The United Nations General Assembly voted for a second time on Tuesday on a ceasefire in Gaza and the immediate release of all hostages. UN calls on Israel and Hamas to immediately lay down arms Representatives of Egypt and Mauritania called for a vote in the Security Council after the United States vetoed it on Friday.
The Security Council has only fifteen members, while all 193 UN member states are represented in the General Assembly. On Tuesday, member states voted 153 in favor of the ceasefire and 10 against. The Netherlands and 22 countries abstained.
The second vote is more than a symbolic act, says Tom Beutelar of Leiden University’s Institute of Security and Global Affairs. “That will have practical consequences.” Although a General Assembly resolution has no consequences – unlike the Security Council, which cannot impose sanctions – that is not the point. “If a member of the Security Council exercises his veto, the General Assembly shall convene urgently. Then that member should come and give an explanation,” he said.
In this case, that member is the United States. What is the practical effect? Buitelaar: “It could lose the goodwill of the US. It could make them look like a country supporting the Gaza bombings. It would damage their reputation.”
Collective memory
Not just in the small world of UN observers, he says. “It will be in the collective memory.” For example, the UN The United States is still haunted by Secretary of State Colin Powell’s performance on the Security Council. In 2003, twenty years ago, he said that Iraq had weapons of mass destruction and that an attack on that country was justified. That information turned out to be false. “When America warned of an impending Russian invasion of Ukraine in 2022, the response was: Oh, the Americans are back with their famous intelligence.”
Beutlar says America has something at stake besides their credibility. “It takes a lot of effort for them to use their soft power.” The US derives this ‘soft power’ or influence from claiming to be the guardians of international law without immediately displaying arms. The American narrative is that this gives them an edge over China and Russia, who don’t care about human rights.
America called Russia to account
So the U.S. previously called Russia to account in the General Assembly, Beutler says. After the Russians vetoed their own invasion of Ukraine in the UN Security Council, Moscow and all UN It had to be answered before the Assembly of Member States.

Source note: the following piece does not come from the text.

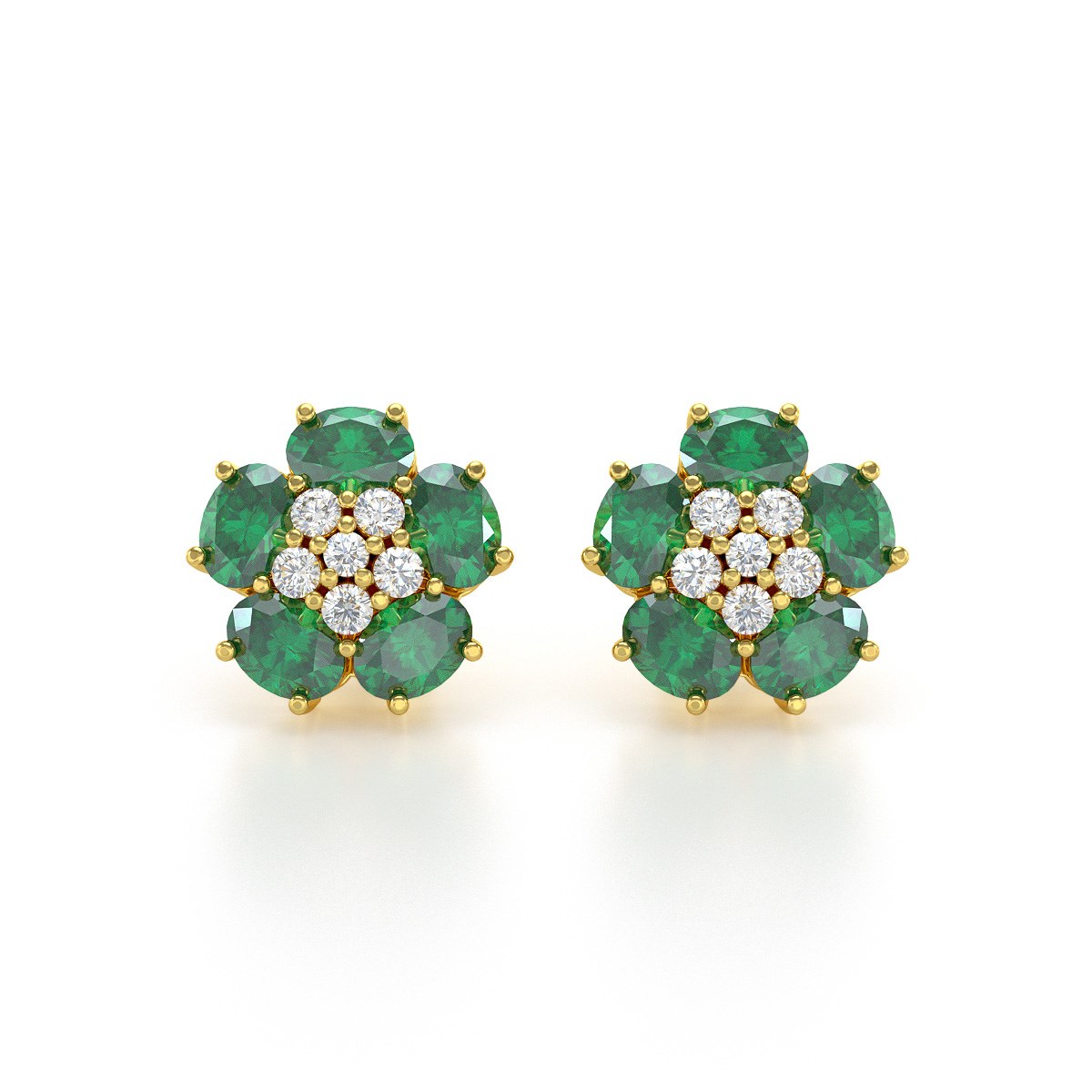 Boucles d'oreilles ADEN Or 585 Jaune et Emeraude Fleur 2.86grs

For Ukraine in particular, Beutelar says the U.S. stance on the war in Gaza could backfire on them like a boomerang. UN Secretary-General Guterres, the quintessential representative of the international legal order, has made no secret of his frustration with the US approach. So what if the US soon lobbies again to condemn Russia? “Then countries will say: It’s nice that you want us to have that opinion, but what about you?”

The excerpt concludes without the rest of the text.